Many rough sleepers I've come into contact with have said they've had difficulty sleeping the night through due to extreme cold, interruption/harrassment, fear, lack of comfort. When I'm sleep-deprived and have not had a good night of uninterrupted sleep for awhile, I feel cold. I'll shiver, hug the heater, take a hot bath to get rid of the chill, and have sometimes actually burnt my hands in hot water trying to get them warm. My hands were already warm, but due to exhaustion I did not perceive them to be so went too far.

Mental health issues. Your perception of 'reality' is dysfunctional. It becomes difficult to listen to your body when it is telling you that you're hungry/sick/exhausted/injured etc as you are disconnected to a certain extent from your body and its reality.

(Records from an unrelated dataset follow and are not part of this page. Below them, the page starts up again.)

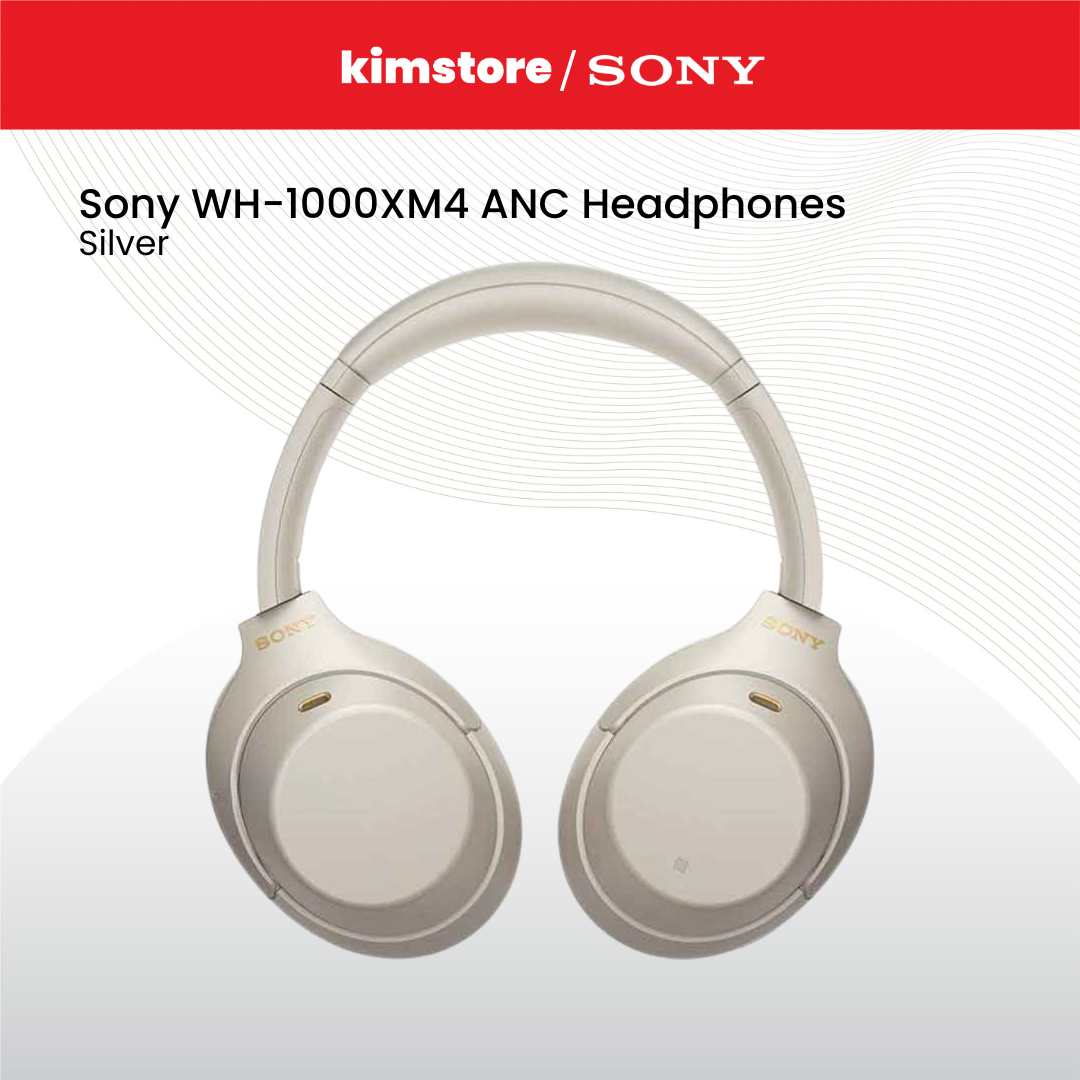 Sony WH-1000XM4 ANC Headphones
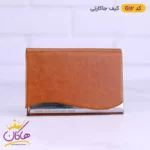 کیف جاکارتی فلزی مردانه G12 - Image 6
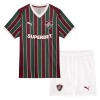 Fluminense FC Lasten Koti 2026-27 - Jalkapallo Pelipaidat (S/S) Fluminense FC Lasten Koti 2026-27 - Jalkapallo Pelipaidat (S/S)
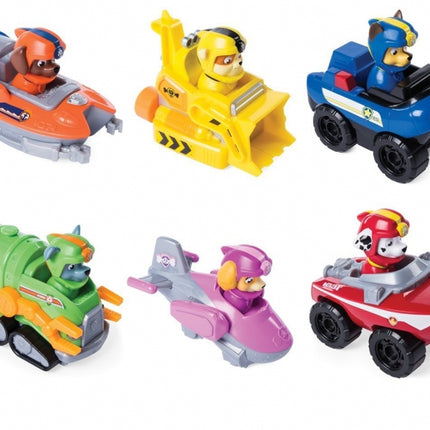 PAW PATROL RESCUE RACER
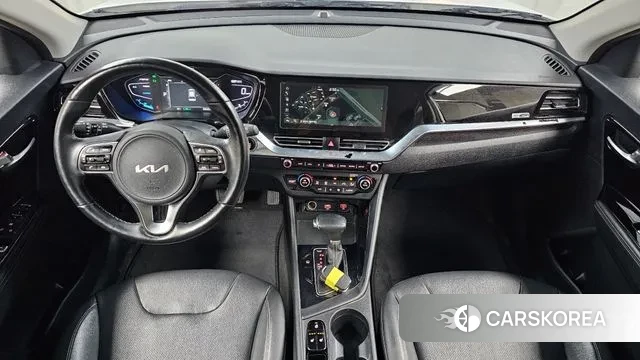 Kia The New Niro id 3247650 из Кореи 17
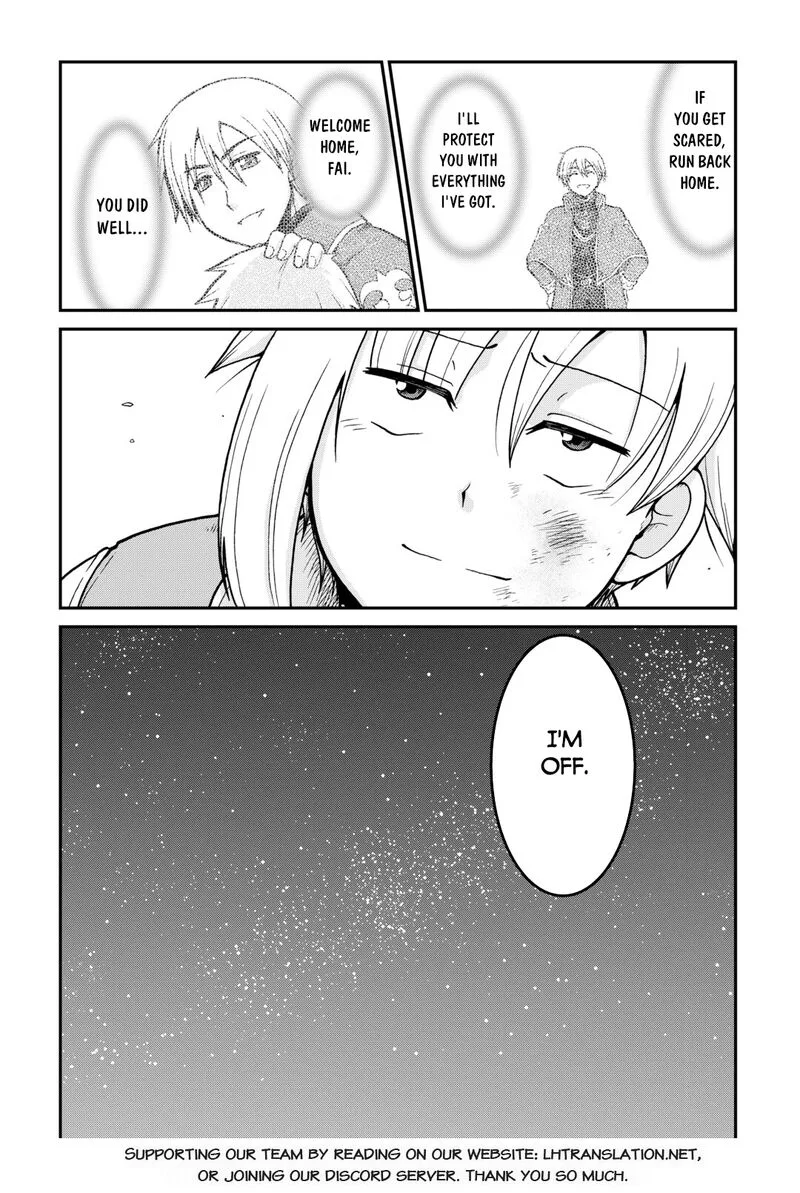 Zense wa Kentei. Konjou Kuzu Ouji Chapter 60 page 24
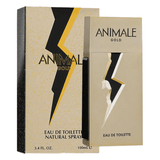 Perfume Masculino Animale - Gold Edt 100ml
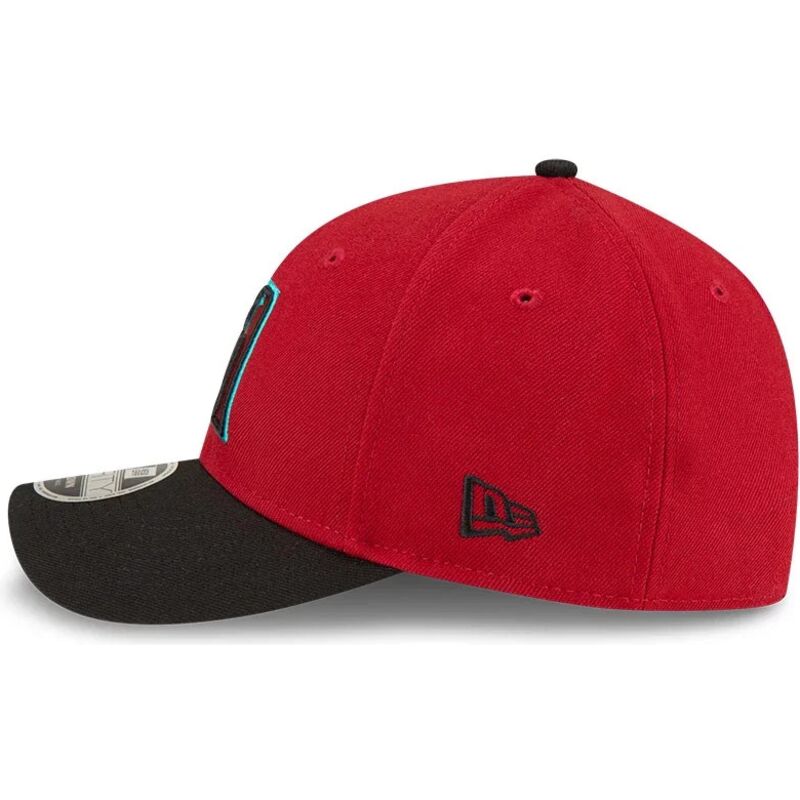 new-era-curved-brim-9forty-m-crown-player-replica-arizona-diamondbacks-mlb-red-and-black-snapback-cap new-era-curved-brim-9forty-m-crown-player-replica-arizona-diamondbacks-mlb-red-and-black-snapback-cap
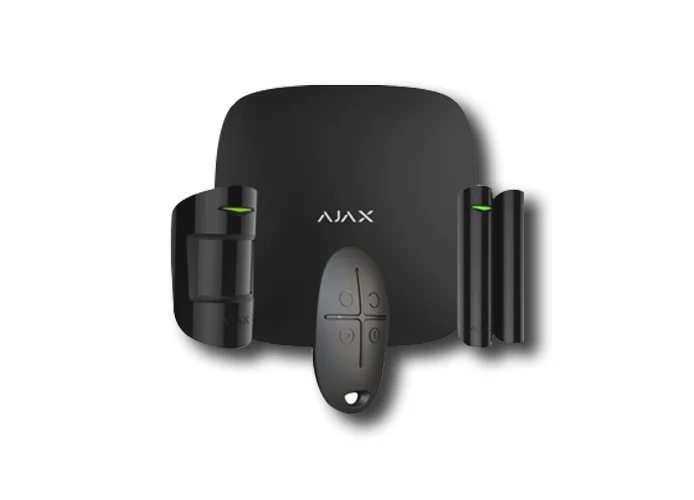 ajax starterkit wireless noir 38169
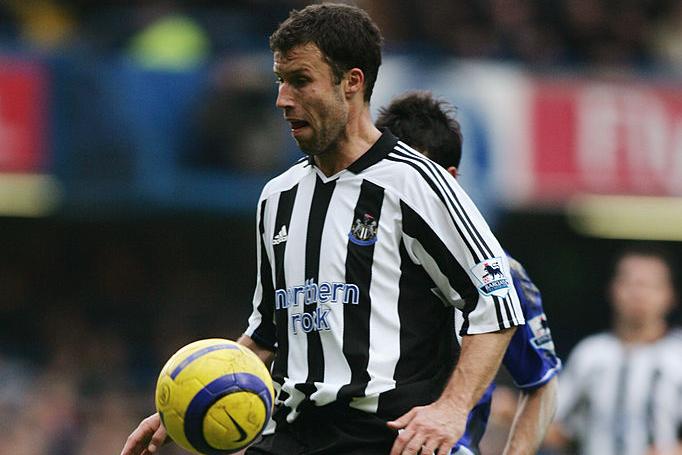 After losing Jonathan Woodgate to Real Madrid, Newcastle turned to Johnsen to fill the gap in defence. However, the defender made just five first-team appearances and was released just six-months into his stay on Tyneside. (Photo by Ben Radford/Getty Images)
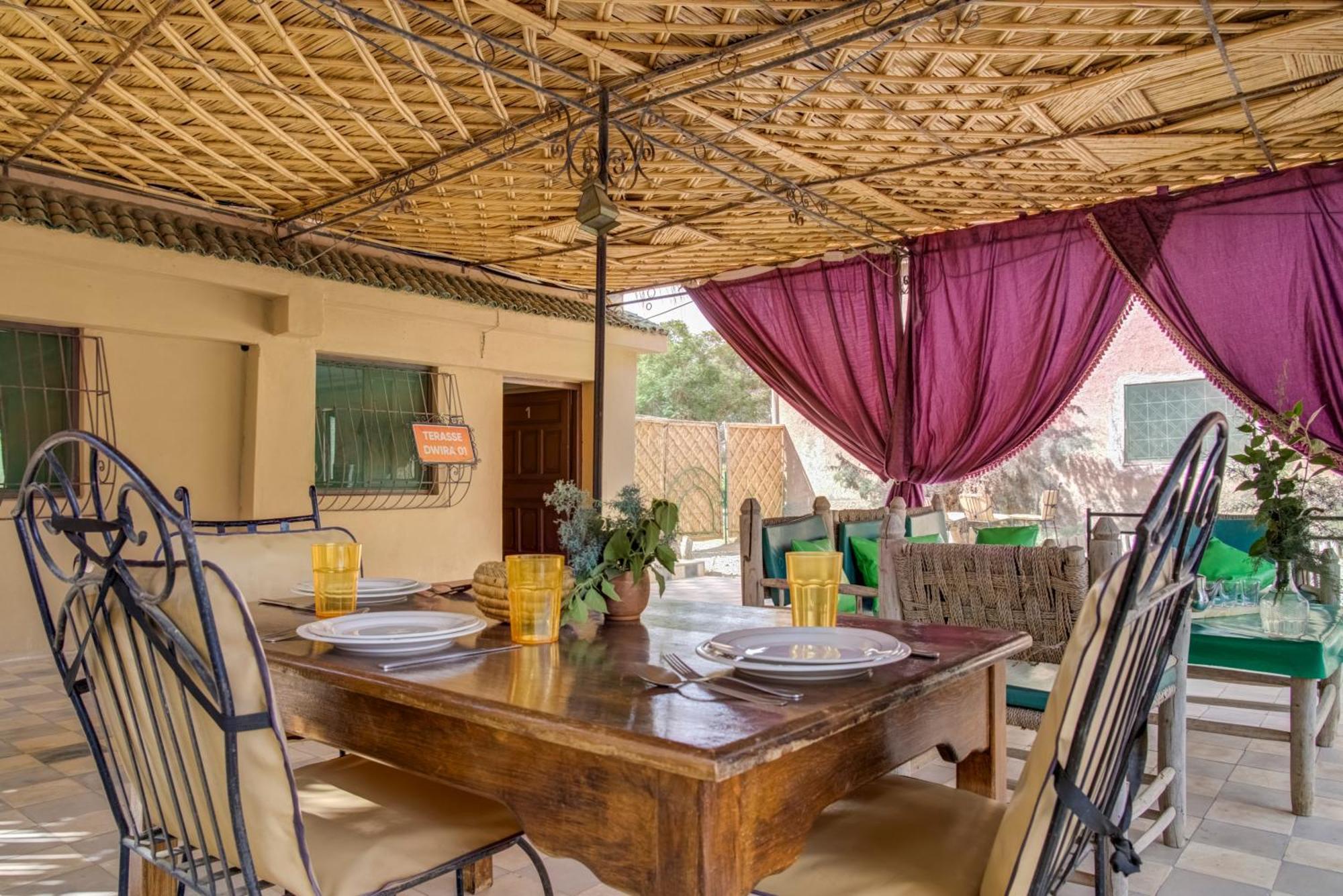 Riad Elaissi Тарудант Экстерьер фото
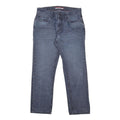 TOMMY HILFIGER Mens Jeans Blue Regular Straight Denim Medium W32 L27 Classic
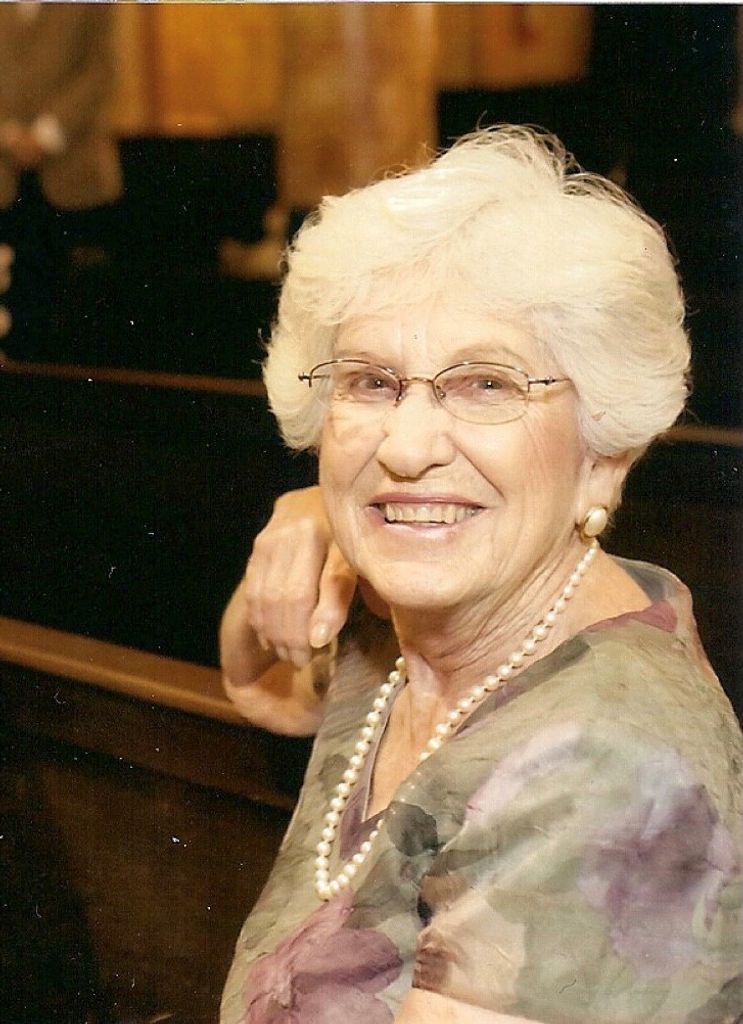 Maria "Cida" Gressang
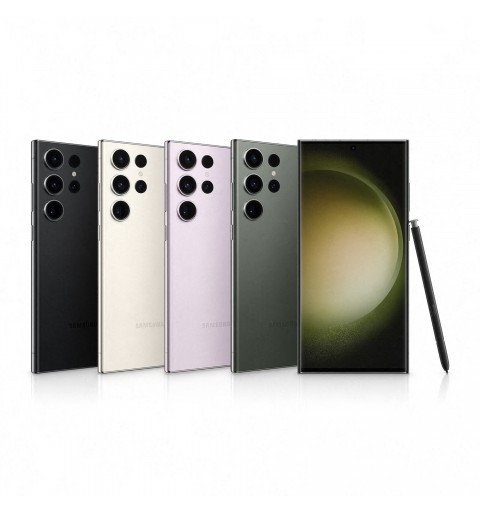Samsung Galaxy S23 Ultra Display 6.8'' Dynamic AMOLED 2X, Fotocamera 200MP, RAM 12GB, 512GB, 5.000 mAh, Cream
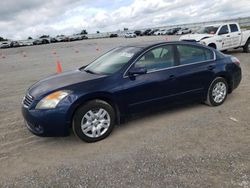 Salvage cars for sale from Copart Earlington, KY: 2009 Nissan Altima 2.5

I imagine some resistance to extremes of temperature comes into this, which also goes some way toward explaining why some rough sleepers seem to willingly suffer sub-zero temperatures in the winter and risk frostbite/death, rather than seek help at a local shelter or hospital.

Physical addiction, in two ways. The first, your perception of your body is altered and as an addict you begin to relate to it only in terms of the drug - are you high/drunk? If not, why not? When will you be high/drunk again? For example, heroin itself does not generally cause loss of weight, but many people's mental image of a heroin addict will be bone-thin: when you are addicted to heroin to a high extent, you stop listening to your body when it tells you it's hungry. Sustenance becomes your next fix, not your next meal. In the same way, you simply might not be paying attention to the fact you're too hot. It's not important, as you're either high and enjoying that, withdrawing and hating it, or too concerned with the means to obtain your next dose. There is also cookeze's point - withdrawal can give you cold flashes and the shivers. In the same way that you will feel cold and shiver when you're suffering from a high temperature due to sickness; if you're shivering and feel cold for whatever reason, no amount of evidence to the contrary will stop the perceived chill.

Hunger. Two ways: Going hungry can leave you feeling cold and under-the-weather, in the same way that a large meal of rich food can make you sweat and feel hot. Also, I have often been underweight for my height. When I've lived in hot climates I've seldom felt the heat to the extent that the people around me have. When I visited Death Valley one August, I was the idiot wandering around in a jacket and jeans. I honesty didn't feel that hot, in temperatures of 110 degrees plus. I only felt terribly thirsty.

Finally, I also agree to some extent with 'having' to wear the jacket - yes, you could take it off and store it with your other possessions, but that leaves it vulnerable. Clothing and the means to warmth are of primary importance to a rough sleeper. If you are constantly aware that you and your possessions are vulnerable and risk theft, you instinctively keep the most important items closest to you i.e on your person.

I very much doubt that a rough sleeper's main concern is that his/her "stench" is enough of a problem to warrant personal discomfort.